THE DATA
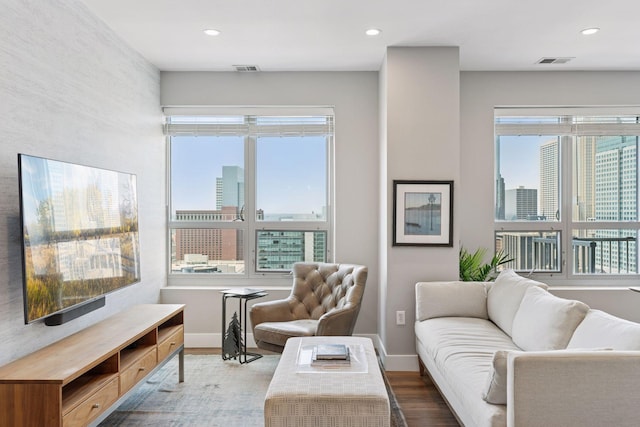 929 Portland Ave Unit 2510, Minneapolis, MN 55404 - living room featuring wood finished floors, recessed lighting, and a city view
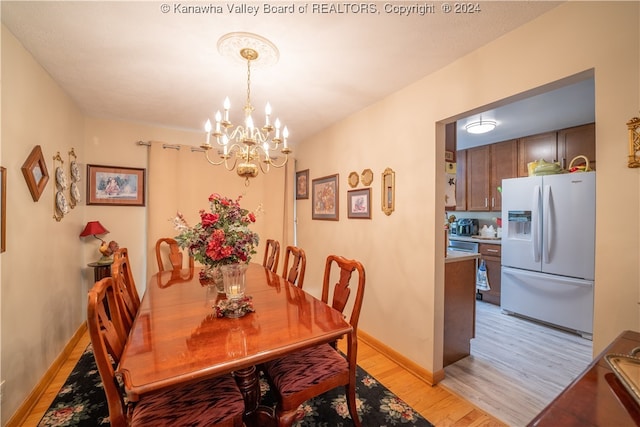 dining room featuring an inviting chandelier and light hardwood / wood-style floors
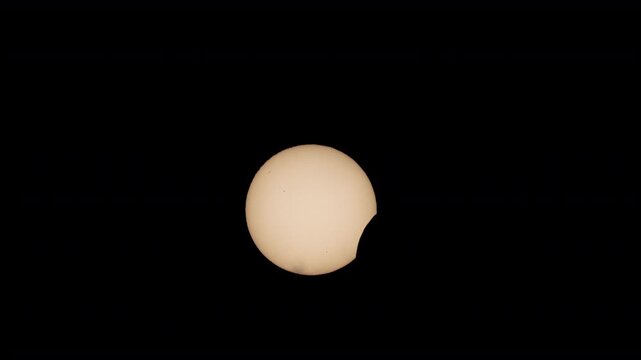 moment of totality during the 2026 solar eclipse when the moon cast a shadow over the sun 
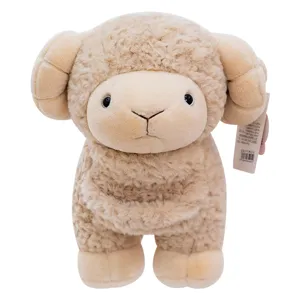 Detailed close-up view of the cute fluffy cream lamb plush toy with soft curled horns.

TASK DIRECTIONS
Print nothing except the lines from the one with "dining room featuring" through the last line of the listing, exactly as written and with pictures removed.

ANSWER TO THE EXERCISE
 dining room featuring an inviting chandelier and light hardwood / wood-style floors
 moment of totality during the 2026 solar eclipse when the moon cast a shadow over the sun 
 Detailed close-up view of the cute fluffy cream lamb plush toy with soft curled horns.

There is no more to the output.